**DATASET CONTENT:**
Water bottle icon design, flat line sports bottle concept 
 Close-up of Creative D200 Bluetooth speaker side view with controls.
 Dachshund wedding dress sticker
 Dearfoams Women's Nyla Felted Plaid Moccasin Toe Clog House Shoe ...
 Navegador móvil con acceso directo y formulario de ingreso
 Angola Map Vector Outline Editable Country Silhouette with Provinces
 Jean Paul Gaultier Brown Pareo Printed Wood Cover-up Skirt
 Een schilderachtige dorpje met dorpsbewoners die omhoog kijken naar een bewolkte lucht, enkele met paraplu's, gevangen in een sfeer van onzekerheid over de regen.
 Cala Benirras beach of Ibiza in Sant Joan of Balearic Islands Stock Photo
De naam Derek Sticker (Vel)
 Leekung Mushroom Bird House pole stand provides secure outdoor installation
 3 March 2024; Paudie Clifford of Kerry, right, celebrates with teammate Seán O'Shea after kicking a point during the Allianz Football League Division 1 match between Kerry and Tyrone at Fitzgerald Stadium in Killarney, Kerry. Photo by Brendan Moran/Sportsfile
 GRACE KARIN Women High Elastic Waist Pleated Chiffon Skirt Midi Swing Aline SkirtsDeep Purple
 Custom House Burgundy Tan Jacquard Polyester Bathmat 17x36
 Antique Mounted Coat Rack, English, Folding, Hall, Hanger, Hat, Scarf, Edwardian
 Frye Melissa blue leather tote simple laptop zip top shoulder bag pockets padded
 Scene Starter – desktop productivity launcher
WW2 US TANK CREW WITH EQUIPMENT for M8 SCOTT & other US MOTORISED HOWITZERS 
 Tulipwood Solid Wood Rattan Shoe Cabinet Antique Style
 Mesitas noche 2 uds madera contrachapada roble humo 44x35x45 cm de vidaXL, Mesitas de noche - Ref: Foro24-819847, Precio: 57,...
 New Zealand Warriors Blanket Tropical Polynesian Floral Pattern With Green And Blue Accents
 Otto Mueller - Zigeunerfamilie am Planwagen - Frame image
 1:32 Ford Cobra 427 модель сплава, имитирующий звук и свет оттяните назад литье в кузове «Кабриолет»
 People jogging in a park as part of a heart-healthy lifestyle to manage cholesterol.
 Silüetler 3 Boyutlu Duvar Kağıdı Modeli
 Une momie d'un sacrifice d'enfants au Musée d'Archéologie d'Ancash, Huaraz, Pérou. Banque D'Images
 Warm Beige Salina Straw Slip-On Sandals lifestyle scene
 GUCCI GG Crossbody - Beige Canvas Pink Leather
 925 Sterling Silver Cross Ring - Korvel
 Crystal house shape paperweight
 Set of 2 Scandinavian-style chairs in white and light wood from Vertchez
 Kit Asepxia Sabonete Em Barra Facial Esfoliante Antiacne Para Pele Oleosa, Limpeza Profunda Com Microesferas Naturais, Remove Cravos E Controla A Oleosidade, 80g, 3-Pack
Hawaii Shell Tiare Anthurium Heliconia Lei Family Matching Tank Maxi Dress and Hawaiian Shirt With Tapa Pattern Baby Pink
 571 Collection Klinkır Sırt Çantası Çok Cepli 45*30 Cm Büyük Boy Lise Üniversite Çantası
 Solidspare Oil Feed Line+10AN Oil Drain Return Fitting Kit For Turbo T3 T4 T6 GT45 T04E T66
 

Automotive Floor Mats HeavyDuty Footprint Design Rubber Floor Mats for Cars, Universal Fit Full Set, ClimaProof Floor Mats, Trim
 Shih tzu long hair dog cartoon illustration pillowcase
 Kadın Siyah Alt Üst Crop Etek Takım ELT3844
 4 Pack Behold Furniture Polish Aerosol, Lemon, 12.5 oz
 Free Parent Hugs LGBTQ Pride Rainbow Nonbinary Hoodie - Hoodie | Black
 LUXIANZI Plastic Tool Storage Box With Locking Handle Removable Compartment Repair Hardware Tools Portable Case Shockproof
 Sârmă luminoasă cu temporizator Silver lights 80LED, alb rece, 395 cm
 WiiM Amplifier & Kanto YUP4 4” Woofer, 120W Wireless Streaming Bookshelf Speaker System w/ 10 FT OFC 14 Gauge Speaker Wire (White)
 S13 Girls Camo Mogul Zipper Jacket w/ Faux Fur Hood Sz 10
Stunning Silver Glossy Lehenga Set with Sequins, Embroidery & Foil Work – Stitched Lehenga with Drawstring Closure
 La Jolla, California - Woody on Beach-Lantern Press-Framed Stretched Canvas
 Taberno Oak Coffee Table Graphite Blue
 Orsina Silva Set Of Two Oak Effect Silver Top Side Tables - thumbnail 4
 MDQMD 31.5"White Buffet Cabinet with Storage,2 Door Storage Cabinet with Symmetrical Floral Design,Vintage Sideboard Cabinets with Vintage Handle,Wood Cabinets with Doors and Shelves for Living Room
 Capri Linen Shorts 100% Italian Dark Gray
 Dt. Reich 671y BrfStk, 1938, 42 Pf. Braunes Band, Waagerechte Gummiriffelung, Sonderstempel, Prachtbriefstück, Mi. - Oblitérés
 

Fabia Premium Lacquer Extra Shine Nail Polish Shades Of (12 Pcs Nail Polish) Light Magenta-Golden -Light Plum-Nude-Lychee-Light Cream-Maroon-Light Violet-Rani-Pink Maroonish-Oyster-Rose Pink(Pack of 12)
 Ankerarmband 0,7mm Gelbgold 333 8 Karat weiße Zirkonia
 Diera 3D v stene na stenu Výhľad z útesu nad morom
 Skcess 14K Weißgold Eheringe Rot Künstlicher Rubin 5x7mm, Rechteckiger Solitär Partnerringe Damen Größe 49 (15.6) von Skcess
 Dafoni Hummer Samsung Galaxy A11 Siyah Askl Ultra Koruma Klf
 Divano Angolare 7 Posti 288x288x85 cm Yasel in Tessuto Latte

**YOUR GOAL:** Repeat the material above precisely.

**TASK OUTPUT:**
Water bottle icon design, flat line sports bottle concept 
 Close-up of Creative D200 Bluetooth speaker side view with controls.
 Dachshund wedding dress sticker
 Dearfoams Women's Nyla Felted Plaid Moccasin Toe Clog House Shoe ...
 Navegador móvil con acceso directo y formulario de ingreso
 Angola Map Vector Outline Editable Country Silhouette with Provinces
 Jean Paul Gaultier Brown Pareo Printed Wood Cover-up Skirt
 Een schilderachtige dorpje met dorpsbewoners die omhoog kijken naar een bewolkte lucht, enkele met paraplu's, gevangen in een sfeer van onzekerheid over de regen.
 Cala Benirras beach of Ibiza in Sant Joan of Balearic Islands Stock Photo
De naam Derek Sticker (Vel)
 Leekung Mushroom Bird House pole stand provides secure outdoor installation
 3 March 2024; Paudie Clifford of Kerry, right, celebrates with teammate Seán O'Shea after kicking a point during the Allianz Football League Division 1 match between Kerry and Tyrone at Fitzgerald Stadium in Killarney, Kerry. Photo by Brendan Moran/Sportsfile
 GRACE KARIN Women High Elastic Waist Pleated Chiffon Skirt Midi Swing Aline SkirtsDeep Purple
 Custom House Burgundy Tan Jacquard Polyester Bathmat 17x36
 Antique Mounted Coat Rack, English, Folding, Hall, Hanger, Hat, Scarf, Edwardian
 Frye Melissa blue leather tote simple laptop zip top shoulder bag pockets padded
 Scene Starter – desktop productivity launcher
WW2 US TANK CREW WITH EQUIPMENT for M8 SCOTT & other US MOTORISED HOWITZERS 
 Tulipwood Solid Wood Rattan Shoe Cabinet Antique Style
 Mesitas noche 2 uds madera contrachapada roble humo 44x35x45 cm de vidaXL, Mesitas de noche - Ref: Foro24-819847, Precio: 57,...
 New Zealand Warriors Blanket Tropical Polynesian Floral Pattern With Green And Blue Accents
 Otto Mueller - Zigeunerfamilie am Planwagen - Frame image
 1:32 Ford Cobra 427 модель сплава, имитирующий звук и свет оттяните назад литье в кузове «Кабриолет»
 People jogging in a park as part of a heart-healthy lifestyle to manage cholesterol.
 Silüetler 3 Boyutlu Duvar Kağıdı Modeli
 Une momie d'un sacrifice d'enfants au Musée d'Archéologie d'Ancash, Huaraz, Pérou. Banque D'Images
 Warm Beige Salina Straw Slip-On Sandals lifestyle scene
 GUCCI GG Crossbody - Beige Canvas Pink Leather
 925 Sterling Silver Cross Ring - Korvel
 Crystal house shape paperweight
 Set of 2 Scandinavian-style chairs in white and light wood from Vertchez
 Kit Asepxia Sabonete Em Barra Facial Esfoliante Antiacne Para Pele Oleosa, Limpeza Profunda Com Microesferas Naturais, Remove Cravos E Controla A Oleosidade, 80g, 3-Pack
Hawaii Shell Tiare Anthurium Heliconia Lei Family Matching Tank Maxi Dress and Hawaiian Shirt With Tapa Pattern Baby Pink
 571 Collection Klinkır Sırt Çantası Çok Cepli 45*30 Cm Büyük Boy Lise Üniversite Çantası
 Solidspare Oil Feed Line+10AN Oil Drain Return Fitting Kit For Turbo T3 T4 T6 GT45 T04E T66
 

Automotive Floor Mats HeavyDuty Footprint Design Rubber Floor Mats for Cars, Universal Fit Full Set, ClimaProof Floor Mats, Trim
 Shih tzu long hair dog cartoon illustration pillowcase
 Kadın Siyah Alt Üst Crop Etek Takım ELT3844
 4 Pack Behold Furniture Polish Aerosol, Lemon, 12.5 oz
 Free Parent Hugs LGBTQ Pride Rainbow Nonbinary Hoodie - Hoodie | Black
 LUXIANZI Plastic Tool Storage Box With Locking Handle Removable Compartment Repair Hardware Tools Portable Case Shockproof
 Sârmă luminoasă cu temporizator Silver lights 80LED, alb rece, 395 cm
 WiiM Amplifier & Kanto YUP4 4” Woofer, 120W Wireless Streaming Bookshelf Speaker System w/ 10 FT OFC 14 Gauge Speaker Wire (White)
 S13 Girls Camo Mogul Zipper Jacket w/ Faux Fur Hood Sz 10
Stunning Silver Glossy Lehenga Set with Sequins, Embroidery & Foil Work – Stitched Lehenga with Drawstring Closure
 La Jolla, California - Woody on Beach-Lantern Press-Framed Stretched Canvas
 Taberno Oak Coffee Table Graphite Blue
 Orsina Silva Set Of Two Oak Effect Silver Top Side Tables - thumbnail 4
 MDQMD 31.5"White Buffet Cabinet with Storage,2 Door Storage Cabinet with Symmetrical Floral Design,Vintage Sideboard Cabinets with Vintage Handle,Wood Cabinets with Doors and Shelves for Living Room
 Capri Linen Shorts 100% Italian Dark Gray
 Dt. Reich 671y BrfStk, 1938, 42 Pf. Braunes Band, Waagerechte Gummiriffelung, Sonderstempel, Prachtbriefstück, Mi. - Oblitérés
 

Fabia Premium Lacquer Extra Shine Nail Polish Shades Of (12 Pcs Nail Polish) Light Magenta-Golden -Light Plum-Nude-Lychee-Light Cream-Maroon-Light Violet-Rani-Pink Maroonish-Oyster-Rose Pink(Pack of 12)
 Ankerarmband 0,7mm Gelbgold 333 8 Karat weiße Zirkonia
 Diera 3D v stene na stenu Výhľad z útesu nad morom
 Skcess 14K Weißgold Eheringe Rot Künstlicher Rubin 5x7mm, Rechteckiger Solitär Partnerringe Damen Größe 49 (15.6) von Skcess
 Dafoni Hummer Samsung Galaxy A11 Siyah Askl Ultra Koruma Klf
 Divano Angolare 7 Posti 288x288x85 cm Yasel in Tessuto Latte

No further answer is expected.